Work order:
Using the listing below, set down exactly the lines starting at the line that contains "Crimean War Russian" and ending at the line that contains "Men's Casual Solid Color Suit Pants", both included, and no others.

Excerpted records:
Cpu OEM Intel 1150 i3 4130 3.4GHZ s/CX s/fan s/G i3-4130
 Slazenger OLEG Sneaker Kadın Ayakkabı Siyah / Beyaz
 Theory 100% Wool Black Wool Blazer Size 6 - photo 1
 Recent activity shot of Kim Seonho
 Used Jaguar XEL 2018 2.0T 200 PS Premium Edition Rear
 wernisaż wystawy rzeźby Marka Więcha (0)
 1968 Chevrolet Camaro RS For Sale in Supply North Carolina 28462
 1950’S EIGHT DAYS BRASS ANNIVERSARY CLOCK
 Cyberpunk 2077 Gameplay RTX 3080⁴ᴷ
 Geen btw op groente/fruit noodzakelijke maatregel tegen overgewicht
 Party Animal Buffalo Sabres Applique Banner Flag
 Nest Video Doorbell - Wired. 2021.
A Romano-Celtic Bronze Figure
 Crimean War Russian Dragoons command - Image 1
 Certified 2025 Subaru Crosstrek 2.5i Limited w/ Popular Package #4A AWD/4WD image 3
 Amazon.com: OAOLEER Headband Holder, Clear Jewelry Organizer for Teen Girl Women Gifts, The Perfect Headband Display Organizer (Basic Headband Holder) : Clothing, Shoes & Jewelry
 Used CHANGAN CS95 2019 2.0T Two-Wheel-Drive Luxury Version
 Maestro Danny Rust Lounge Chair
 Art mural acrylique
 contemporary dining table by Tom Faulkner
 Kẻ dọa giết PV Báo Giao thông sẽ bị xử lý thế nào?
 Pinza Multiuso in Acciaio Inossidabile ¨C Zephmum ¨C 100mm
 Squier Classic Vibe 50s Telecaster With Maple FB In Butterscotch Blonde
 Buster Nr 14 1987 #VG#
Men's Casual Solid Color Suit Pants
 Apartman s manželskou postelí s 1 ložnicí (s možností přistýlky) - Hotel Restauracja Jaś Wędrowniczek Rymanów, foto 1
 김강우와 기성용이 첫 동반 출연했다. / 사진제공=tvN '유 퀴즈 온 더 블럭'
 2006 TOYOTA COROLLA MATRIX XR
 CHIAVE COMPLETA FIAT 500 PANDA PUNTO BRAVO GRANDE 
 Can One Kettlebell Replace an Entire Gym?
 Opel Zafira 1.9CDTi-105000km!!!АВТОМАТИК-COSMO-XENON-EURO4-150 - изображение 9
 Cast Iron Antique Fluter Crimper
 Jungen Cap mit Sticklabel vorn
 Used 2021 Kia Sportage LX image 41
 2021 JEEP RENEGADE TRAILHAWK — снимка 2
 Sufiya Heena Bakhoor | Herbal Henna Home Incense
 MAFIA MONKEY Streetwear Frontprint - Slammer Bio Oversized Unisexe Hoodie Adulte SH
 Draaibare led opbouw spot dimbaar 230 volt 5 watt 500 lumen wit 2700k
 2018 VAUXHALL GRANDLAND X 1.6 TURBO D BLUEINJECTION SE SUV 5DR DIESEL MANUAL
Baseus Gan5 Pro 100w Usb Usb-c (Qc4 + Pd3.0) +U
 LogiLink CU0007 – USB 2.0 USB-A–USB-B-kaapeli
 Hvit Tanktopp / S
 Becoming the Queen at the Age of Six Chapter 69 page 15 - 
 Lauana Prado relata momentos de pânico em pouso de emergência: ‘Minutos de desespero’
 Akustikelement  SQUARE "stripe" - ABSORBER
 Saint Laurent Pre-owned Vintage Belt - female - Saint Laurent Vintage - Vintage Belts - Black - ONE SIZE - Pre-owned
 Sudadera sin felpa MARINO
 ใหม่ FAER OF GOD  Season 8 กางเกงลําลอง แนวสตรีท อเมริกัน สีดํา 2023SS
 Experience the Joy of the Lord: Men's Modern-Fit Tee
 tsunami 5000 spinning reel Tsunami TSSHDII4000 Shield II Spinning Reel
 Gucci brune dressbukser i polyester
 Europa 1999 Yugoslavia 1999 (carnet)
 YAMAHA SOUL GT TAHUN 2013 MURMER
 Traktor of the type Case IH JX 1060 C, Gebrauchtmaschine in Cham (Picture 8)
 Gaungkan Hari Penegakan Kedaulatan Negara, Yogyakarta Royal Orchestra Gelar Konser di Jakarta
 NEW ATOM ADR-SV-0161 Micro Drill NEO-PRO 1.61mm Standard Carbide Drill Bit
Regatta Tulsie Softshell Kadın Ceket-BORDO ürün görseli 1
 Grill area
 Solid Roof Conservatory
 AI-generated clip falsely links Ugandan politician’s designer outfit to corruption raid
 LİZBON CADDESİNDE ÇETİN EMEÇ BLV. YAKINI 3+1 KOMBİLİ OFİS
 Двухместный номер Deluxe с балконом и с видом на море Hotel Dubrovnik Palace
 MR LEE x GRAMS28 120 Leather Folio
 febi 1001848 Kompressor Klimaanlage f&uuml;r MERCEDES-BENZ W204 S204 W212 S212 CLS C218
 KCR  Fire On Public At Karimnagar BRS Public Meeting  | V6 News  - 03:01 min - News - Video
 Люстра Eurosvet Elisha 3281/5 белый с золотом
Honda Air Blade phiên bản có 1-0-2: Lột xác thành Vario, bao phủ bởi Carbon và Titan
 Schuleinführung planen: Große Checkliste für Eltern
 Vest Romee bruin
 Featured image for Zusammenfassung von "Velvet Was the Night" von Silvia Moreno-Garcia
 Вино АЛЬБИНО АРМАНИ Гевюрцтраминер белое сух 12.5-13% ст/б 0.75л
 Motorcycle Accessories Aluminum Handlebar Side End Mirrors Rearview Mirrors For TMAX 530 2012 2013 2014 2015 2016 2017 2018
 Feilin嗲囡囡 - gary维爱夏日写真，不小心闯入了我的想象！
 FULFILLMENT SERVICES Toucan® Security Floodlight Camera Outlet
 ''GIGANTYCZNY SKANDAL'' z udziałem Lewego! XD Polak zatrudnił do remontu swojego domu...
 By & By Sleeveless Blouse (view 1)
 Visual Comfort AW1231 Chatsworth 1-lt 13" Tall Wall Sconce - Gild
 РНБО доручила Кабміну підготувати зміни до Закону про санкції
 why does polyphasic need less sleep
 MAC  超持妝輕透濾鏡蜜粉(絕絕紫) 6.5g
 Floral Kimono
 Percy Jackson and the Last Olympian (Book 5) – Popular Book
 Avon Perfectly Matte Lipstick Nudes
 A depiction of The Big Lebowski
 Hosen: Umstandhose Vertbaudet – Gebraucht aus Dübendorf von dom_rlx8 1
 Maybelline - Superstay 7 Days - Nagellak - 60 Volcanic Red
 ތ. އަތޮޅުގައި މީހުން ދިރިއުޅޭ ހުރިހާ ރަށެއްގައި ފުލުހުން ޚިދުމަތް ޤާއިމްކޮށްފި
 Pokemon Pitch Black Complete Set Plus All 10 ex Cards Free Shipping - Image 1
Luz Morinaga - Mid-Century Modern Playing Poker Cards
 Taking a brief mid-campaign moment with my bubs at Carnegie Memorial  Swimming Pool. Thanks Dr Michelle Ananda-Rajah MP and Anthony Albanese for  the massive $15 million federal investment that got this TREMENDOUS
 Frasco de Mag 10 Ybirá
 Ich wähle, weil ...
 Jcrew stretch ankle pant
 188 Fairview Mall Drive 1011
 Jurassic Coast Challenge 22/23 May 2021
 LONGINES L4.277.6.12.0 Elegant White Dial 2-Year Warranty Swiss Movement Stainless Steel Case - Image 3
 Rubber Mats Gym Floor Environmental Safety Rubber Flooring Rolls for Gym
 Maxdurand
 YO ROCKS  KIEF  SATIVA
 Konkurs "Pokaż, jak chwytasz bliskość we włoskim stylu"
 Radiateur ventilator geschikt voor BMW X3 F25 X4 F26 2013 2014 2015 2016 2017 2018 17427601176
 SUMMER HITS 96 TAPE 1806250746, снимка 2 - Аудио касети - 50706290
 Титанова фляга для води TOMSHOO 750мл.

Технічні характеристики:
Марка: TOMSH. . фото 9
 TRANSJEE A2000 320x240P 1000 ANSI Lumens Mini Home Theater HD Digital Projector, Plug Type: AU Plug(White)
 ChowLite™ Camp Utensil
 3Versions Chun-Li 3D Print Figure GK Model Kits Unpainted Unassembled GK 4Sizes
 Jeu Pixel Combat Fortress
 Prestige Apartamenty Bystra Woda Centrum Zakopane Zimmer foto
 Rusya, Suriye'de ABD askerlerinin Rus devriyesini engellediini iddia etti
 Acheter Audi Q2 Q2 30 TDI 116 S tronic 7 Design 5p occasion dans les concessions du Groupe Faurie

Problem solution:
 Crimean War Russian Dragoons command - Image 1
 Certified 2025 Subaru Crosstrek 2.5i Limited w/ Popular Package #4A AWD/4WD image 3
 Amazon.com: OAOLEER Headband Holder, Clear Jewelry Organizer for Teen Girl Women Gifts, The Perfect Headband Display Organizer (Basic Headband Holder) : Clothing, Shoes & Jewelry
 Used CHANGAN CS95 2019 2.0T Two-Wheel-Drive Luxury Version
 Maestro Danny Rust Lounge Chair
 Art mural acrylique
 contemporary dining table by Tom Faulkner
 Kẻ dọa giết PV Báo Giao thông sẽ bị xử lý thế nào?
 Pinza Multiuso in Acciaio Inossidabile ¨C Zephmum ¨C 100mm
 Squier Classic Vibe 50s Telecaster With Maple FB In Butterscotch Blonde
 Buster Nr 14 1987 #VG#
Men's Casual Solid Color Suit Pants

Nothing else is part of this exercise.